Società Influenzata

Il mondo dopo il COVID-19

“La maggior parte di noi probabilmente non ha ancora capito, e lo farà presto, che le cose non torneranno alla normalità dopo qualche settimana, o addirittura dopo qualche mese. Alcune cose non torneranno mai più.” - Gordon Lichfield, Mit Technology Review

Il punto della situazione

Per fermare l’avanzata del coronavirus stiamo radicalmente cambiando il nostro quotidiano: come lavoriamo, come studiamo, come ci alleniamo, come socializziamo, come compriamo, come ci prendiamo cura di noi stessi e delle nostre famiglie.

Social Distancing

Per diminuire gli infetti ed i morti molti governi stanno imponendo il Social Distancing, ovvero stanno “obbligando” le persone a rimanere a casa il più possibile in modo da diminuire la probabilità di contatto tra una persona sana ed una infetta. Questo è voluto per impedire che un alto e improvviso numero di persone malate, saturi il sistema sanitario portandolo al collasso.

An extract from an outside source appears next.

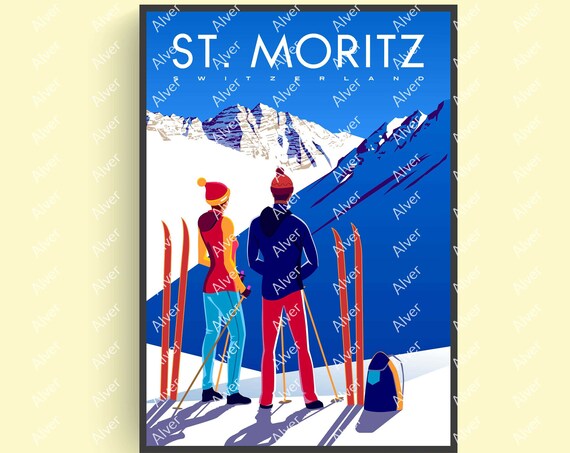 St Moritz Poster Switzerland Poster Switzerland Travel Print Swiss Alps Poster Wall Art Unframed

COVI-19 Transmission Graphic

Quanto tempo ci vorrà e quanto drastiche queste misure devono essere, purtroppo nessuno può dirlo con certezza. Per quanto riguarda le restrizioni diversi paesi hanno preso diversi approcci: negli Stati Uniti, il Presidente Trump ha rilasciato delle linee guida per controllare il virus nel quale si enuncia che «gli assemblamenti devono essere limitati ad un massimo di 10 persone»; mentre in Italia si seguono, più o meno, le orme della Cina eliminando del tutto le interazioni indispensabili e restando a casa il più possibile. Per ora questo sembrerebbe essere l’approccio migliore, in quanto in Cina, finalmente, la situazione sembrerebbe essersi stabilizzata.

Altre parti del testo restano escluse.